### EXERCISE DESCRIPTION
The response must contain every line from the records below that has "missing".

━━━━━━━━

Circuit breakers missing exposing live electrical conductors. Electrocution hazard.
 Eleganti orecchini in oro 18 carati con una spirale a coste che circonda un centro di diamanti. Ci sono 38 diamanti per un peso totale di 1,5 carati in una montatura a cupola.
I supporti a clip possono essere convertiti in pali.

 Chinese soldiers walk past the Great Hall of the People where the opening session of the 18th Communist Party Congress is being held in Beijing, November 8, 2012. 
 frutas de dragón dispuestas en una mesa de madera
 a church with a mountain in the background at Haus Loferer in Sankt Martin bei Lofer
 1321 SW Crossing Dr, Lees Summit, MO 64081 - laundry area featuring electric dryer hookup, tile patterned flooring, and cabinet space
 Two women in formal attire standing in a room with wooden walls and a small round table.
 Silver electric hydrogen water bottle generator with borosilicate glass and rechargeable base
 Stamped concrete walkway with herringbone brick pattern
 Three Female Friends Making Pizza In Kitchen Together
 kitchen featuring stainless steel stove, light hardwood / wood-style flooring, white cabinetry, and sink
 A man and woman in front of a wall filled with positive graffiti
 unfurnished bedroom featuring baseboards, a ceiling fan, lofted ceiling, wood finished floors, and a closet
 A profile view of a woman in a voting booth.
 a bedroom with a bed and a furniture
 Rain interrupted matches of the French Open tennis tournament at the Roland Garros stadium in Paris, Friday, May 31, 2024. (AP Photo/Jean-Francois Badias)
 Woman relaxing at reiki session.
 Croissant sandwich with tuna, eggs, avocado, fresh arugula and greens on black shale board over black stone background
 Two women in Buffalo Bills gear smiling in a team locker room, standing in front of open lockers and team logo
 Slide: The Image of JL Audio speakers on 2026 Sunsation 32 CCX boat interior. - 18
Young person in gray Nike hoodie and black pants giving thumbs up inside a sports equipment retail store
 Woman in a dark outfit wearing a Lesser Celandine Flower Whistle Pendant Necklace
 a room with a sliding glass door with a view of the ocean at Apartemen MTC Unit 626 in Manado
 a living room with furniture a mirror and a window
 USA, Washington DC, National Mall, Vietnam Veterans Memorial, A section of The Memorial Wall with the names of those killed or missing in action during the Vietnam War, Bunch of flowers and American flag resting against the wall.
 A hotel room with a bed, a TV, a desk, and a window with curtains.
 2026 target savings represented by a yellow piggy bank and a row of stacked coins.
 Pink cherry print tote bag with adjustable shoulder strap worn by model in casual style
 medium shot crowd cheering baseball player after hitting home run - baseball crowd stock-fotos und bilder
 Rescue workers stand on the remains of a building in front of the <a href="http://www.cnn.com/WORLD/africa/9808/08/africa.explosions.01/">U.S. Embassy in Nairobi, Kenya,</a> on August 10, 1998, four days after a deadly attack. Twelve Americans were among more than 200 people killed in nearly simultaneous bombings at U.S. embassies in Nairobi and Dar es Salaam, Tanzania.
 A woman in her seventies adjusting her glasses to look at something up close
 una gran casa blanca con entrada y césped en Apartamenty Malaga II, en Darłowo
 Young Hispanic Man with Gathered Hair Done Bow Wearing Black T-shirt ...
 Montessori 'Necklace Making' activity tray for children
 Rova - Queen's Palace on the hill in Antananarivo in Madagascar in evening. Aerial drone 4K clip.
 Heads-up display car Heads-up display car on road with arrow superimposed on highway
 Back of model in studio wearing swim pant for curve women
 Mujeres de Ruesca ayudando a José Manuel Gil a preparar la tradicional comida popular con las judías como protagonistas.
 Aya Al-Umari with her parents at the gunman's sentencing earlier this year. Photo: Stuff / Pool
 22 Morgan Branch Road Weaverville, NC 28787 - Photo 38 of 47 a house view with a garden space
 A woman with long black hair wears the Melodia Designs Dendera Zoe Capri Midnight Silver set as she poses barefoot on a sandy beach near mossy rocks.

━━━━━━━━

### TASK RESULT
Circuit breakers missing exposing live electrical conductors. Electrocution hazard.
 USA, Washington DC, National Mall, Vietnam Veterans Memorial, A section of The Memorial Wall with the names of those killed or missing in action during the Vietnam War, Bunch of flowers and American flag resting against the wall.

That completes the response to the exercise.